(What you are asked to do):
Below are the records. Transcribe them exactly.

START Exercise input

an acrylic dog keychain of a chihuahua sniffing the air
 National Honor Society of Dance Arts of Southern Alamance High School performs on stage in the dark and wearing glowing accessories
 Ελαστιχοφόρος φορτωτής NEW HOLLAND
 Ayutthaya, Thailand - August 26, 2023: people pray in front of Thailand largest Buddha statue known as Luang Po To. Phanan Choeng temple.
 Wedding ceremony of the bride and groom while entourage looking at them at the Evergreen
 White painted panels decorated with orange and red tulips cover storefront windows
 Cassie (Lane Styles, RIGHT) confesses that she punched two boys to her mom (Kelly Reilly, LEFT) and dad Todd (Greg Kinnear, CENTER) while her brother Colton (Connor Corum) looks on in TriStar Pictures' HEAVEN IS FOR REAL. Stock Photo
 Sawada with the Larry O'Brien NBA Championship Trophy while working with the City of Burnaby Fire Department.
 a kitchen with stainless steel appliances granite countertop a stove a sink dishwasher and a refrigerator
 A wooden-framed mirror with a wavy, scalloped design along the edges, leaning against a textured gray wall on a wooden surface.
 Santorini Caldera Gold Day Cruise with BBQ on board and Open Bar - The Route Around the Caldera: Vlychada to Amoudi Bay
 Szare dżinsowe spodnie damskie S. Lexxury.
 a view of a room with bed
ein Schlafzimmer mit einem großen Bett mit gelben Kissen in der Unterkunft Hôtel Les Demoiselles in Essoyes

END Exercise input

(Output of the exercise):
an acrylic dog keychain of a chihuahua sniffing the air
 National Honor Society of Dance Arts of Southern Alamance High School performs on stage in the dark and wearing glowing accessories
 Ελαστιχοφόρος φορτωτής NEW HOLLAND
 Ayutthaya, Thailand - August 26, 2023: people pray in front of Thailand largest Buddha statue known as Luang Po To. Phanan Choeng temple.
 Wedding ceremony of the bride and groom while entourage looking at them at the Evergreen
 White painted panels decorated with orange and red tulips cover storefront windows
 Cassie (Lane Styles, RIGHT) confesses that she punched two boys to her mom (Kelly Reilly, LEFT) and dad Todd (Greg Kinnear, CENTER) while her brother Colton (Connor Corum) looks on in TriStar Pictures' HEAVEN IS FOR REAL. Stock Photo
 Sawada with the Larry O'Brien NBA Championship Trophy while working with the City of Burnaby Fire Department.
 a kitchen with stainless steel appliances granite countertop a stove a sink dishwasher and a refrigerator
 A wooden-framed mirror with a wavy, scalloped design along the edges, leaning against a textured gray wall on a wooden surface.
 Santorini Caldera Gold Day Cruise with BBQ on board and Open Bar - The Route Around the Caldera: Vlychada to Amoudi Bay
 Szare dżinsowe spodnie damskie S. Lexxury.
 a view of a room with bed
ein Schlafzimmer mit einem großen Bett mit gelben Kissen in der Unterkunft Hôtel Les Demoiselles in Essoyes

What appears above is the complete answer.